‘’Sen bir çocuksun, annen sinirden bir de sevinçten doğurdu seni.

Yırtılan ipek sesiyle;

Bir çocuksun sen, bedeviler gibi ezberindeki şiirlerle bulmak zorundasın çölde yitirdiğin yolu; yeryüzü şenliğinin azımsanamaz bir parçasıdır yaktığın ateş, kıvrıldığın dönemeç, açtığın şemsiye, kucakladığın yaşlı ağaç…’’(C. Süreya)

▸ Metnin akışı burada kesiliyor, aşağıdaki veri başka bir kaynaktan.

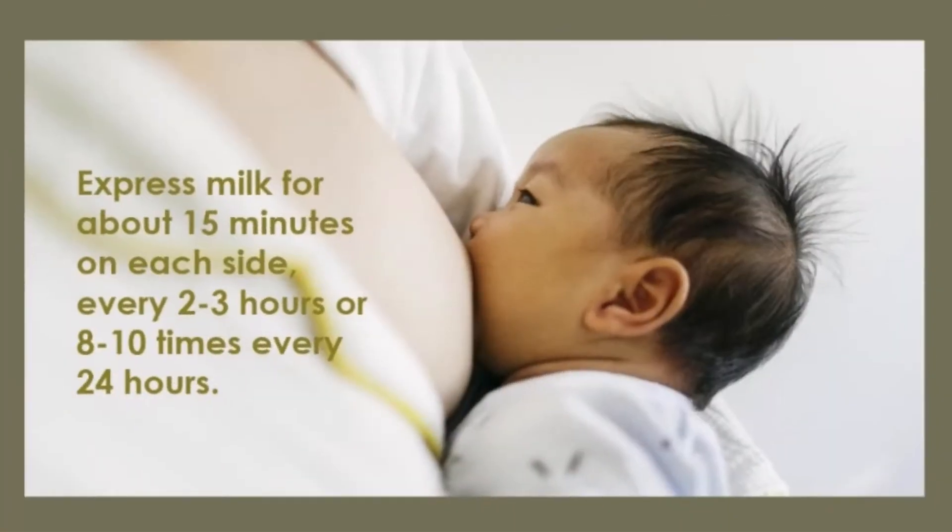If this is your case, please follow the following recommendation. Express milk for about 15 minutes on each side every 2 to 3 hours, or 8 to 10 times every 24 hours. Now, if your baby is ready to nurse right after birth, then you shouldn't have any problem, especially if you feed your baby on demand.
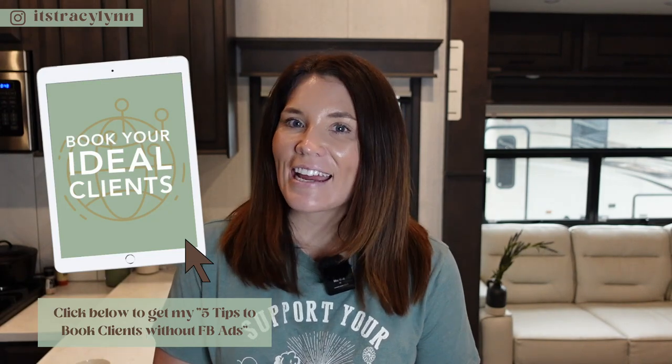Hey, I'm Tracy. I help boudoir photographers stay forever booked out without the hustle. Be sure to grab my free guide outlining my five best tips for booking clients without Facebook ads.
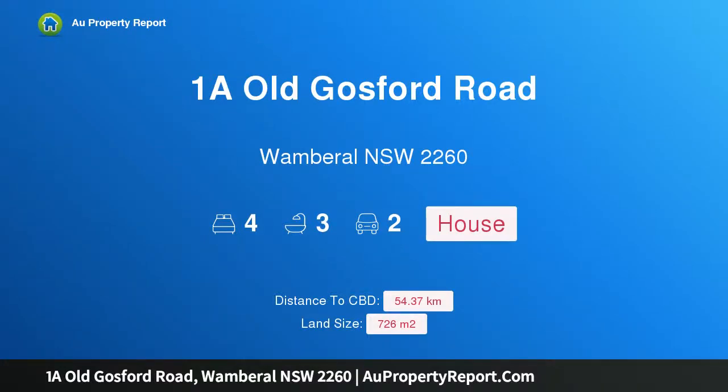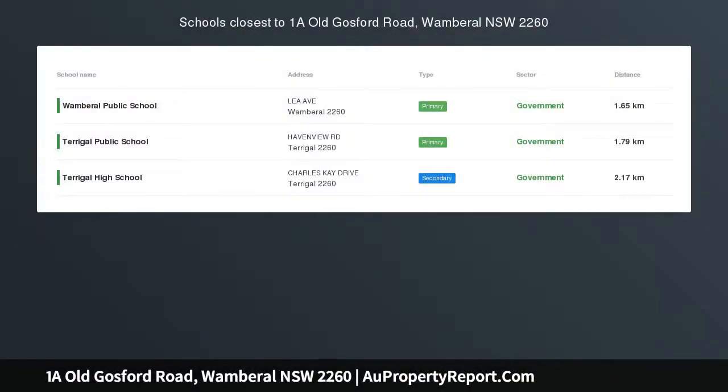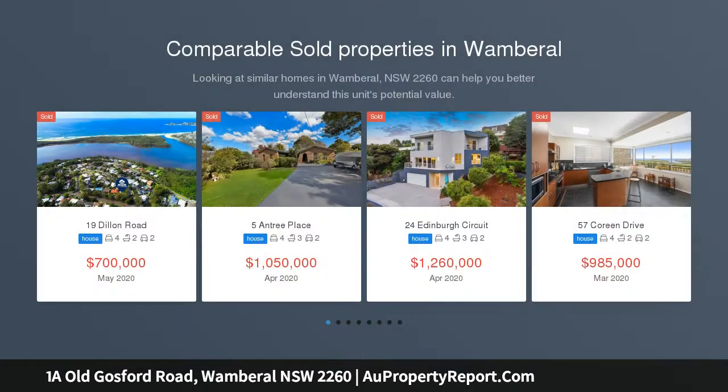Hi, I am glad to introduce Property 1A Old Gosford Road, Wombrell, New South Wales, 2260 — a prime beach site location. This home is set on 726 SQM and only 200 meters walk to Wombrell Beach, one of the Central Coast's most desirable suburbs.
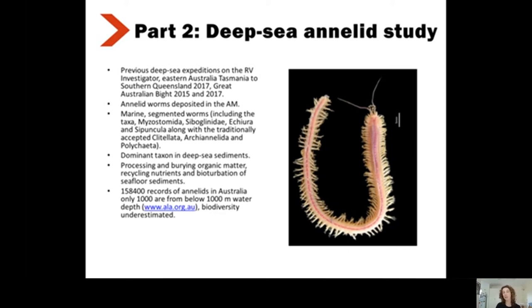These annelids are very dominant in deep sea sediments and are important for burying organic matter and recycling nutrients. They're also important for bioturbation of seafloor sediments — by burrowing, they introduce oxygen into deeper layers where it wouldn't usually reach. From the Atlas of Living Australia, which has records for organisms around Australia, there were 158,000 records of annelids in Australia; however, only around 1,000 of those were from below 1,000 meters water depth. This means there's probably quite a lot of understudied biodiversity for these deeper specimens.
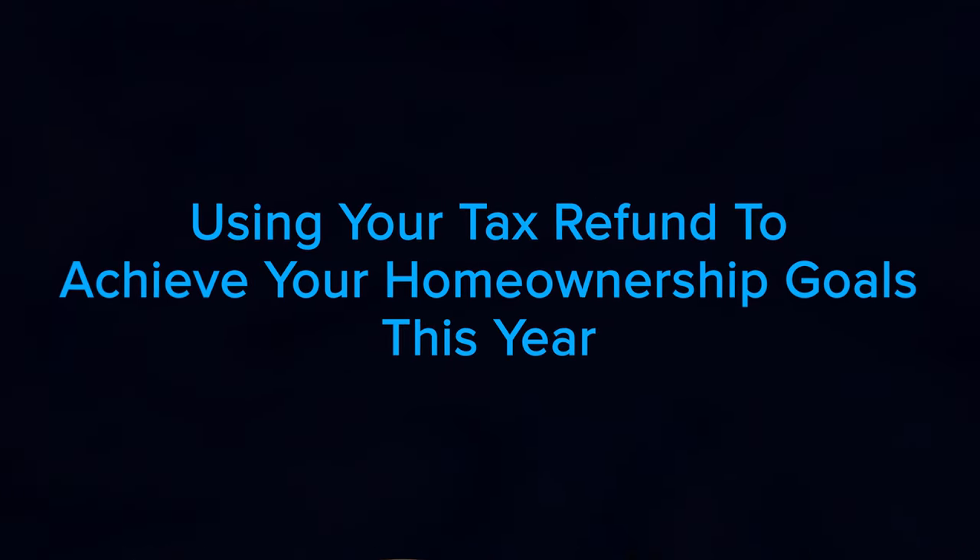Welcome back to The Real Deal. Today we're going to discuss using your tax refund to achieve your home ownership goals this year. If you're buying or selling a home, you're likely saving up for a variety of expenses. For buyers that might include things like your down payment and closing costs, and for sellers you're probably working on spring cleaning and maintenance to spruce up your house before you list it. Either way, any money you get back from your taxes can help you achieve your goals. Using a tax refund is a common tactic for buyers and sellers.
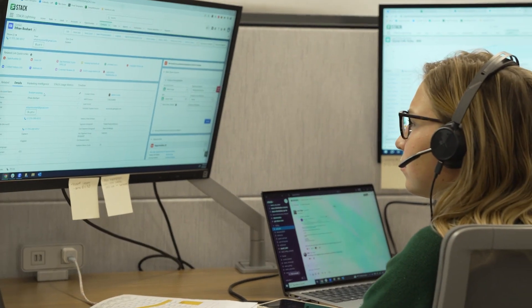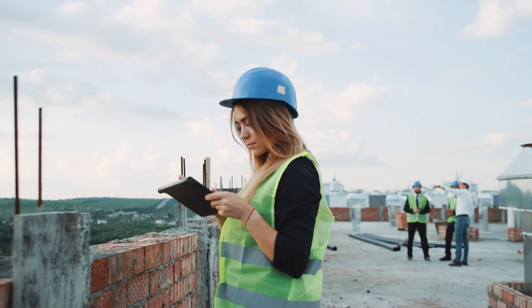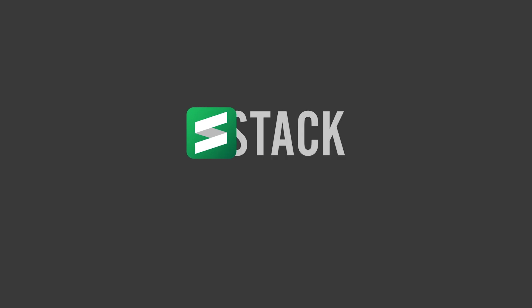Our team is here to help you bid faster, win more, and build smarter. It's time to adapt and move to the cloud. Get started at stackct.com.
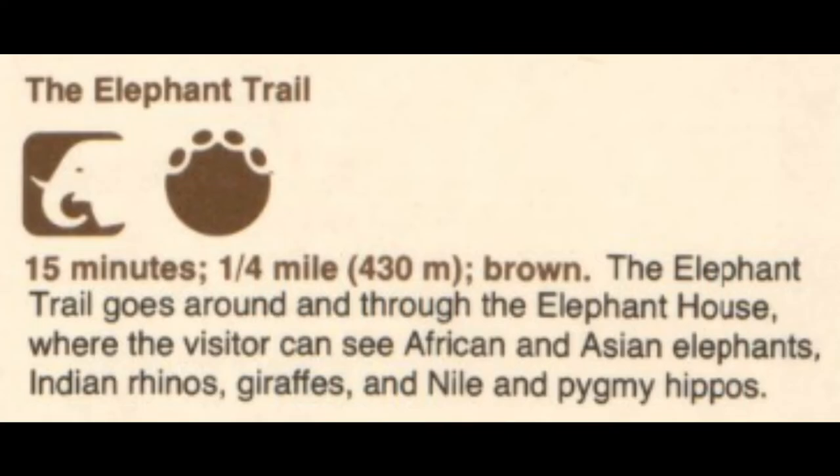This area took more space than the actual zoo. These exhibits are luxurious compared to what I recall about the zoo in real life.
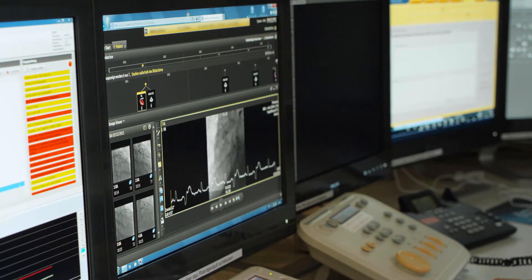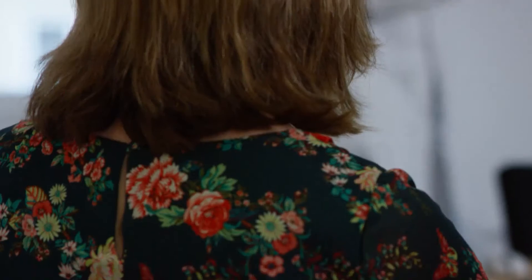Because we have far easier access to all our cardiac images, we can make a quicker clinical decision and go on with our work.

Hangi düş’ ün sağanağıdır içinde saklı o sönmeye yüz tutmuş ateş?

Ah, hani mihrabın tok sesinde saklı aheste bir beste

Belki de Gılgamış Destanından firar etmiş bir beyittir içindeki sefil çocuğun sapanınla hedef aldığı güneş…

Ah, sevgili, gülkurusu düşlerinden hiç mi ödün vermezsin hiç mi yeltenmezsin yakın olmaya hem yakinen tanıdığım bir duygudur yakınları uzak eden belki de yakınlarda saklı neyse seni uzak kılan.

Resmi yok duygularımın sadece şiir olmaya ant içtim gecenin firarında sersem sepelek uykularımdan kaçışlarım.

O sergüzeşt bestelerdir yüreğin fevri sesinde saklı bir nota gibi bağrına bastığın şarkıda saklı bir nakarat ya da seyyah yüreğinle hedefi olduğun şafak ve işte gece arındı kirinden sense kinaye yüklü günden kaçtın gecenin ferine sokulduğun yetmezmiş gibi namzetsin madem dünde kalışlara sadece ah, etme o yetim yüreğine varsın sitayişte bulun yeryüzün endamlı kollarında düşlerin serildiğin yetmezmiş gibi bir gül bahçesine meylet ne zamanki dara düşsen darağacından kurtulduğun günlere de şükret.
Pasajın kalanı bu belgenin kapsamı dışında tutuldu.